Lebesgue measurablity of Hardy Littlewood maximal function This question maybe embarrassingly simple, but still I wish to ask whether the Hardy Littlewood maximal function is lebesgue measurable. I know it is Borel measurable as it is lower semi continuous if the function is locally integrable. Is there any shorthand proof of Lebesgue measurablity ?  
 A: Recall that $f:\Bbb{R}^d\rightarrow \Bbb{R}$ is Lebesgue measurable if $\{f>\alpha\}$ is open for every real number $\alpha$ (this follows from the standard definition that $f$ is measurable if $f^{-1}([-\infty,\alpha))$ is measurable).  
Then, let the maximal function be defined as usual
$$
Mf(x)=\sup_{B\ni x}\frac{1}{\vert B\vert}\int_B\vert f(y)\vert dy
$$
Now, $\{Mf>\alpha\}$ is open since if $y\in \{Mf>\alpha\}$, there is a ball $B$ such that $y\in B$ and 
$$
\frac{1}{\vert B\vert}\int_B\vert f\vert >\alpha
$$ And, for any other $x\in B$, we have
$$
Mf(x)\geq\frac{1}{\vert B\vert}\int_B\vert f\vert>\alpha
$$and hence $x\in \{Mf>\alpha\}$ as well.  
A: It seems you confused with the definition of Lebesgue measurable.
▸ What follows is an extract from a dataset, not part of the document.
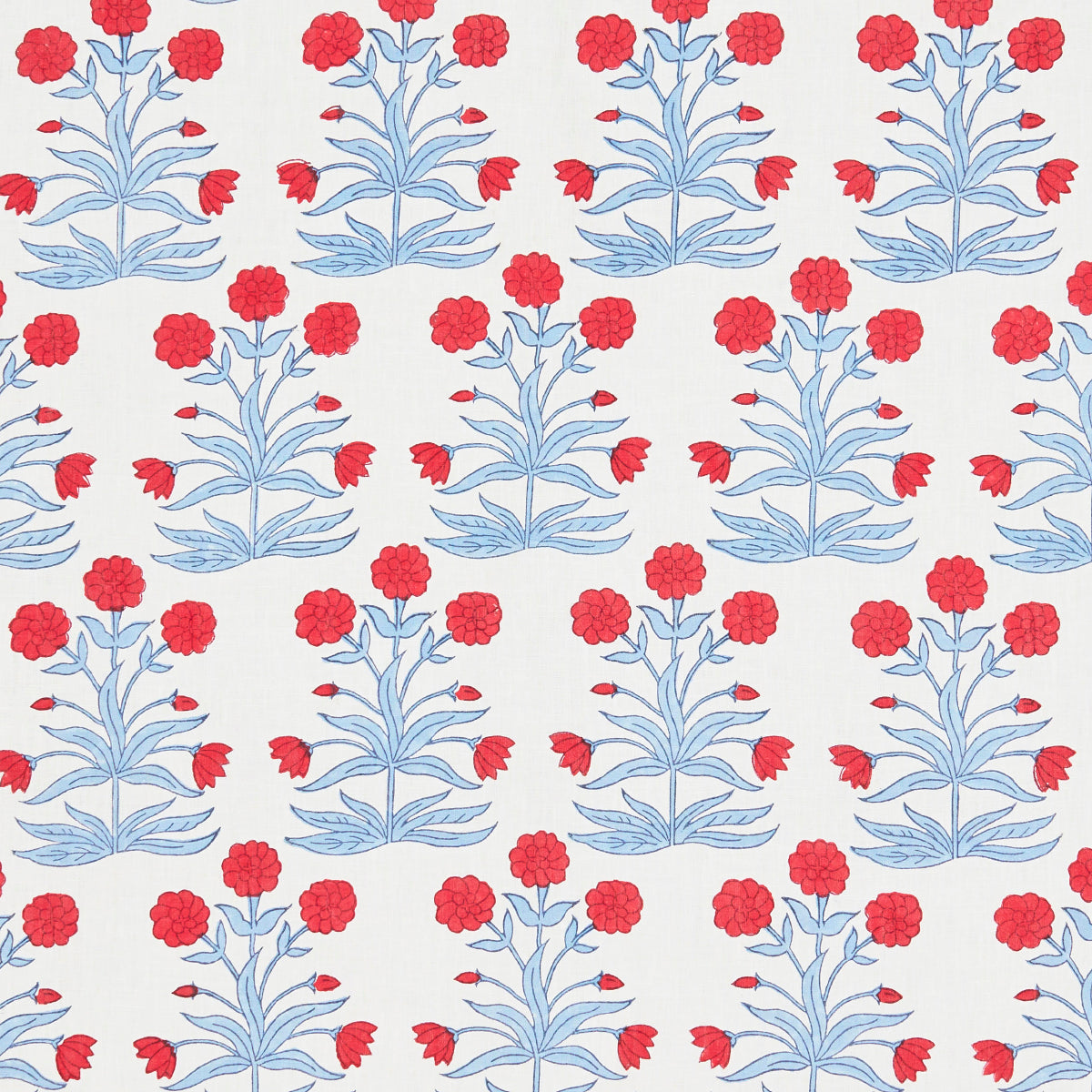 Schumacher | Mughal Hand Block Print fabric - 181780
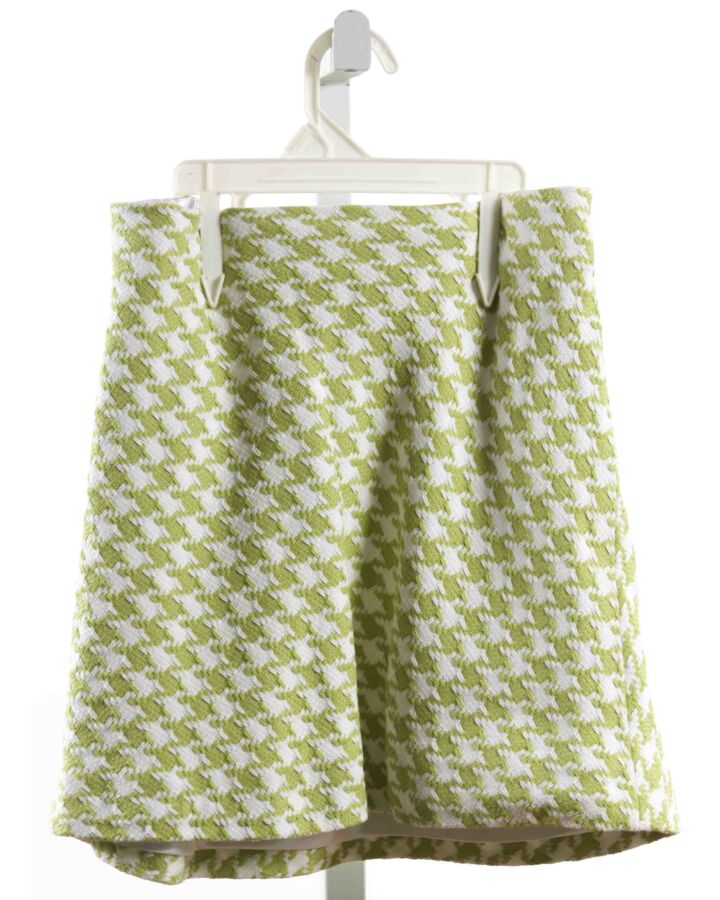 HELENA  LT GREEN  HOUNDSTOOTH  SKIRT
Certainly, a function is said to be Lebesgue measurable, if preimage of every Borel (not Lebesgue!) set is Lebesgue measurable. The preimage of a Lebesgue measurable set may not be Lebesgue measuable, even when $f$ is continuous. See this post for the most classical example.
icurays' answer is right if one consider the ball is not necessarily centered at $x$. Here is a proof which is also work for the case of centered balls.

Assume $$Mf(x):=\sup_{x\in B}\frac{1}{|B|}\int_B |f|,$$ where the supremum is over all balls centered at $x$. Using the absolute continuity of integral, the supremum can be replaced by considering all balls centered at $x$ with rational radicals. Given $r\in \mathbb{Q}$, put $$F_r(x):=\frac{1}{|B(x,r)|}\int_{B(x,r)}|f|.$$ Using the absolute continuity of integral again, we conclude that $F_r$ is continuous. $Mf$ is the point supremum of $\{F_r\}_{r\in \mathbb{Q}}$. So $Mf$ is Borel measurable, hence Lebesgue measurable.